*Exercise directions:* Nothing but the lines below between the line holding "Picture of ICE" and the line holding "CARTULINA LIDERPAPEL A3", inclusive, should appear in the answer, each set down exactly.
──────── Supplied material ────────
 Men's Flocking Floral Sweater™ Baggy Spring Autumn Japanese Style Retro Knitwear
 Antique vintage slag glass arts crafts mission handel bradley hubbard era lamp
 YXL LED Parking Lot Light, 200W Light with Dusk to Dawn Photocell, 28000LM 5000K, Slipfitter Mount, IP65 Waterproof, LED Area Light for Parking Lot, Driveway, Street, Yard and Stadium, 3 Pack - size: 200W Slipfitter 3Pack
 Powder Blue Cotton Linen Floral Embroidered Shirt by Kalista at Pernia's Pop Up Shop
────────
──────── Supplied material ────────
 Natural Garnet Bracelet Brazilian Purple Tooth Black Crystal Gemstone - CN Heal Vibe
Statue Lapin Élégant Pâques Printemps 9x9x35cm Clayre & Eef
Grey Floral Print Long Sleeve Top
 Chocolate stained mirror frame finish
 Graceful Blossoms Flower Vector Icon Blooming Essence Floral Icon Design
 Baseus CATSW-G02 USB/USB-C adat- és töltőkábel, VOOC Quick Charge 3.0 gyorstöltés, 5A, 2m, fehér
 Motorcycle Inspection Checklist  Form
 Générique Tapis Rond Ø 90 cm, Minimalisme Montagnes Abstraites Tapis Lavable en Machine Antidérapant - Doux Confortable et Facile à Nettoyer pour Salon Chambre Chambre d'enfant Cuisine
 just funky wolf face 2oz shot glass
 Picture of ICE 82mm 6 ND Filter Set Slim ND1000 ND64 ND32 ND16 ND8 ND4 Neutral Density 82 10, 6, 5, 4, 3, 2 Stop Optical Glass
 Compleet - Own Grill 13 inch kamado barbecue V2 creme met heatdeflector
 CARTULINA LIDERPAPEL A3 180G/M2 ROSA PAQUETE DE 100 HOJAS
────────
*Result of the exercise:*
 Picture of ICE 82mm 6 ND Filter Set Slim ND1000 ND64 ND32 ND16 ND8 ND4 Neutral Density 82 10, 6, 5, 4, 3, 2 Stop Optical Glass
 Compleet - Own Grill 13 inch kamado barbecue V2 creme met heatdeflector
 CARTULINA LIDERPAPEL A3 180G/M2 ROSA PAQUETE DE 100 HOJAS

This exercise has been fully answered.